Business value of distributed tracing



I would like to get feedback from the community about the way that you leverage the distributed tracing in Istio to find issues in your web applications. Let me elaborate on this regard.

Currently, when you install Istio you get default distributed tracing for free where you can display the Jaeger’s UI and see “stuff” going on. However, I’m more than skeptical on whether that provides actual value, mainly due to the fact that there is a huge amount of noise introduced by traces and spans coming and going from the Istio’s control plane components, i.e. mixer, policy, ingress, etc.

Let me share a stupid example about what I mean here. I have a simple application consisting of a UI that basically calls a backend to retrieve information (data indexed in Elasticsearch) and displays it to the user in a grid way. After using the application for a while, I go to Jaeger and when I click into a trace, I get 10 spans out of which only 2 of them provide real value in terms of the business transaction I’ve made (and even 1 of those 2 is actually the internal call of the sidecar):

Therefore making it quite hard to see clearly what’s going on.

Is anyone facing this kind of thought? I would love to hear how you out there are really benefiting from all this magic provided by Istio.



A few thoughts to share here as part of this discussion:

  1. We’ve been working hard to reduce the trace span data generated by the Istio components themselves in the forthcoming 1.1 release. One big change is to remove the tracing config from the proxy in front of Mixer (meaning that in your example, the istio-policy span will disappear entirely). This also means that it is possible now to disable tracing within the Mixer component entirely via editing commandline flags in the deployment spec. Another change is to have Mixer better respect the prior sampling decisions (meaning no spans will be generated for Report calls).

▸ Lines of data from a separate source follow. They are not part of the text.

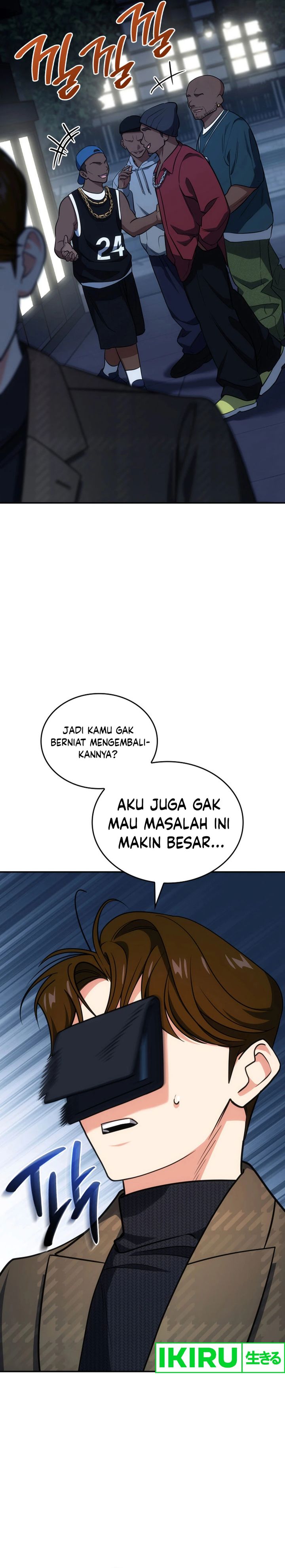 I Am With the Music Immortals Chapter 72 Bahasa Indonesia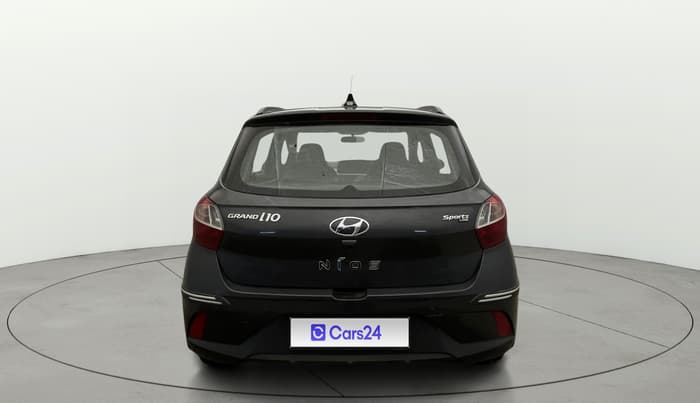 2022 Hyundai GRAND I10 NIOS SPORTZ AMT 1.2 KAPPA VTVT, Petrol, Automatic, 34,030 km, Back/Rear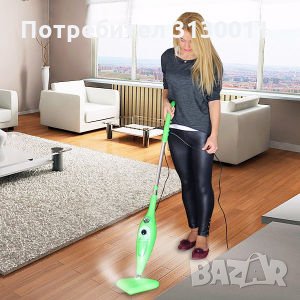 Хит 1500W Steam mop X12/Х10/X5 модел 2022 ПРОМО НОВИ Парочистачки +12м Гаранция, снимка 11 - Парочистачки и Водоструйки - 34915939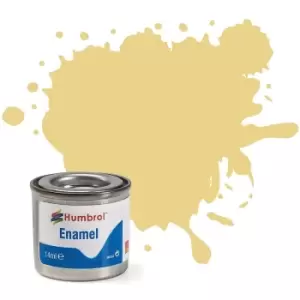 Enamel Paint 14ml No 103 Cream - Matt - Humbrol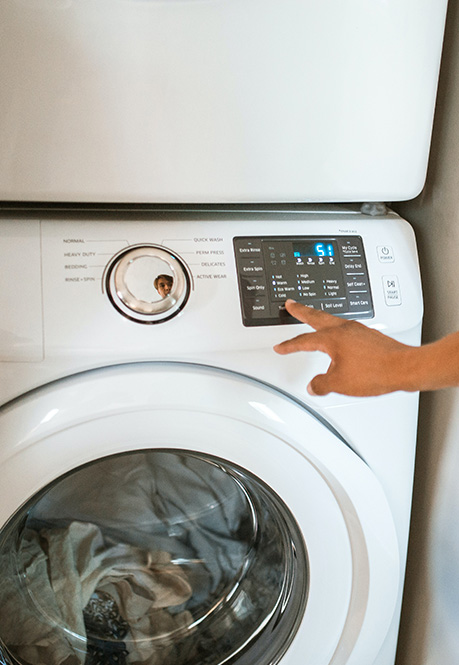 improve energy efficiency by washing laundry in cold water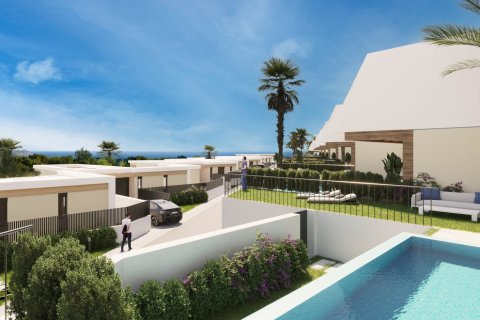 3 bedrooms Villa in Polop, Spain No. 112115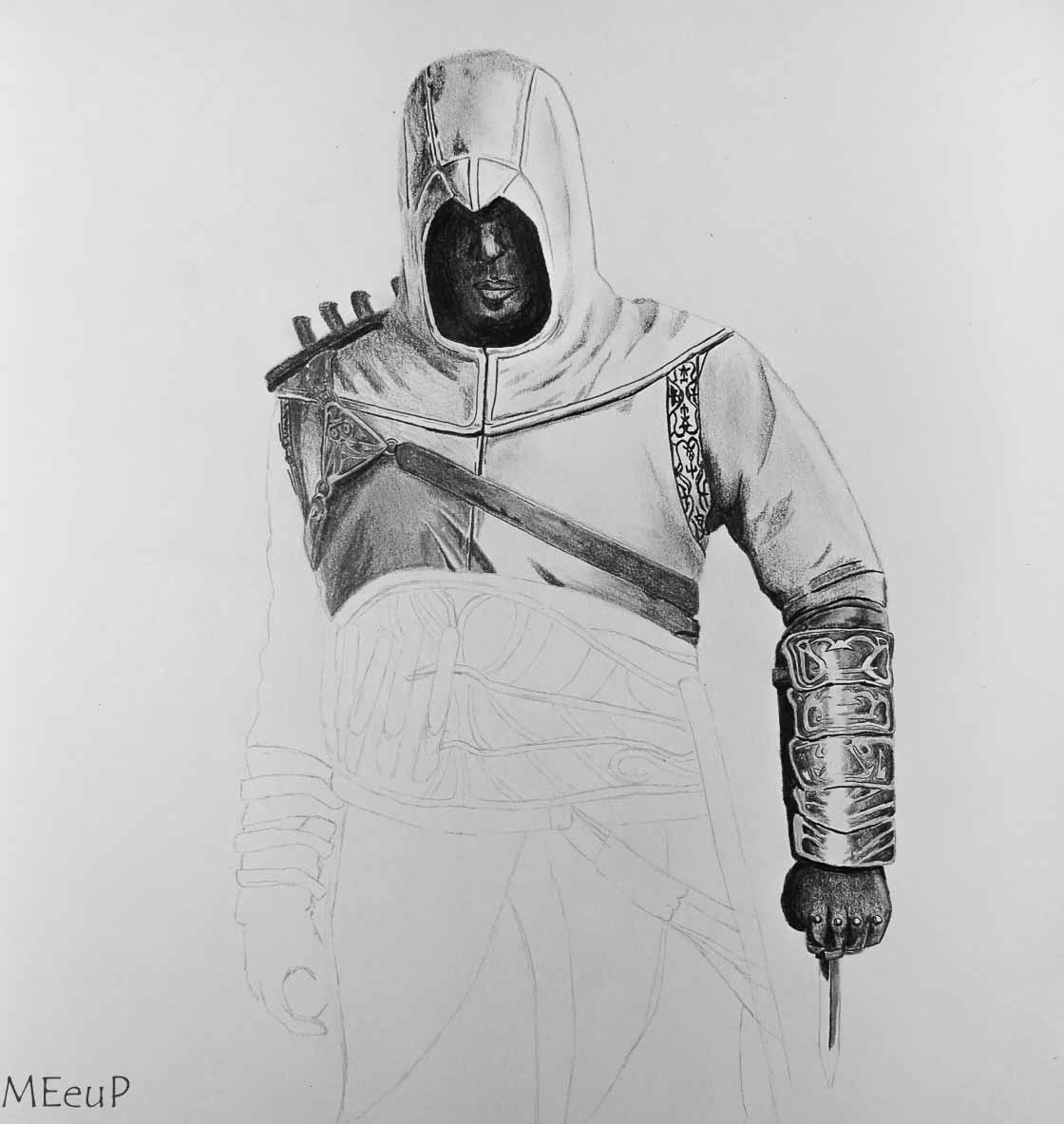 Dibujo de Altair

    Combined with improved caching in the proxies, the number of times you see the calls out to the istio-policy service (with the additional mixer spans) should be minimized. A recent PR dealing with mixer tracing required sending 1000+ requests to generate a single distributed trace with istio-mixer spans.

  2. There was a recent FR and subsequent PR asking for more information to be put in the spans generated by Mixer. For deployments that involve use of Mixer for policy checking, having those decisions (and the adapters that were involved) recorded in the distributed trace was considered quite useful. Mixer, when called, actively participates in the call graph (making enforcement decisions, adding latency, etc.). Having that reflected is desired in certain deployments.

    If you are not interested in policy enforcement in Mixer, one alternative is to simply turn that feature off (mesh-wide, or via an in-flight PR, via deployment spec annotations). That would eliminate the spans altogether (and save on per-request overhead).

Hope this information is helpful. Always happy to discuss more. Look forward to thoughts from others.

Thanks for listening,



Thanks so much for throwing light into this matter. It seems that 1.1 is the target to wait for then.

Not sure if I understood it correctly, but my use case is that I’m interested in using policies with Mixer, but I’d like to have a mechanism by which I could decide on whether I want Mixer’s spans to be part of a trace or not. Would that be possible in 1.1?




Any feedback on my last question?



One mechanism for controlling that in 1.1 will be through command-line flags for the istio-policy deployment. By removing the trace url args from the deployment, you can prevent Mixer from participating in tracing altogether.

There isn’t a simple way to, per request, opt mixer out of/in to participating in a request that was already selected for distributed tracing (if the request is sampled, then mixer will participate).

You could switch to use Mixer exclusively for tracing (instead of directly from Envoy), and use special match clauses to more selectively control tracing, but that would be a pretty advanced use case – and I’m not sure that that is what you are asking for here.